◆ **Stored data**
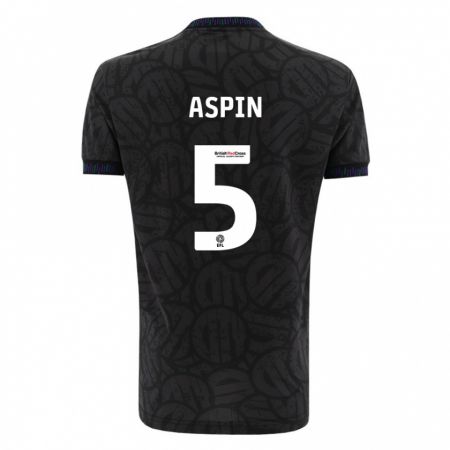 Kandiny Bambino Maglia Brooke Aspin #5 Nero Kit Gara Away 2023/24 Maglietta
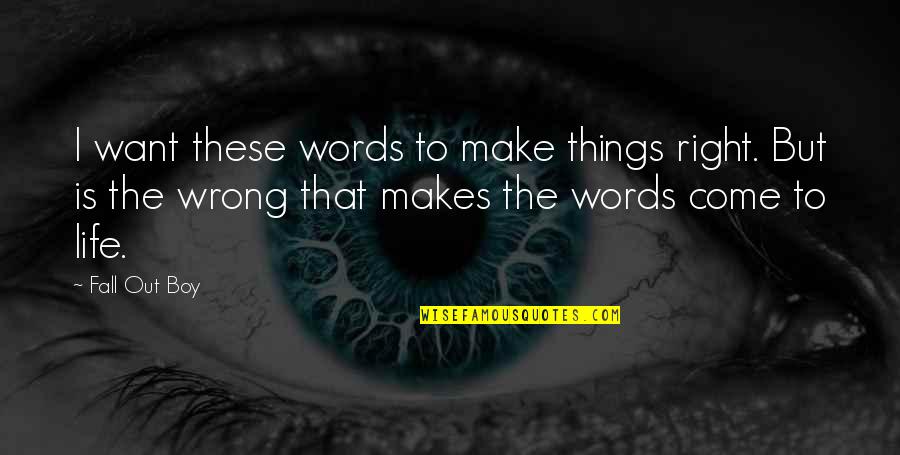 Koneva Natallia Quotes By Fall Out Boy: I want these words to make things right. Koneva Natallia Quotes By Fall Out Boy: I want these words to make things right.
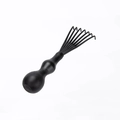 Ergonomic black scalp massager tool with curved metal wires for relaxing head massage - POM Plastic / Black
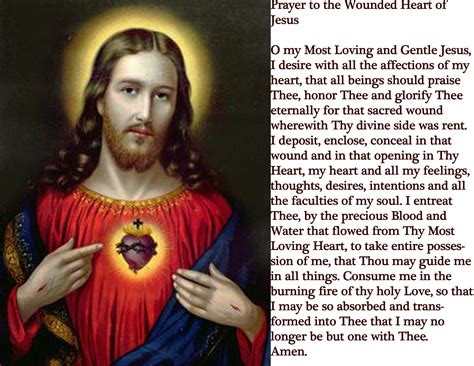 Prayer To The Wounded Heart Of Jesus Heart Of Jesus Catholic Prayers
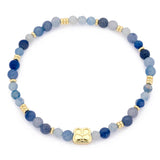 Wonder Gold & Blue Aventurine Stretch Bead Bracelet SS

◆ **PROBLEM TO WORK ON**
Go back to the entries above and restate word for word every line from the first through the one that contains "things right. Koneva", leaving the pictures behind.

◆ **TASK OUTPUT**
 Kandiny Bambino Maglia Brooke Aspin #5 Nero Kit Gara Away 2023/24 Maglietta
 Koneva Natallia Quotes By Fall Out Boy: I want these words to make things right. Koneva Natallia Quotes By Fall Out Boy: I want these words to make things right.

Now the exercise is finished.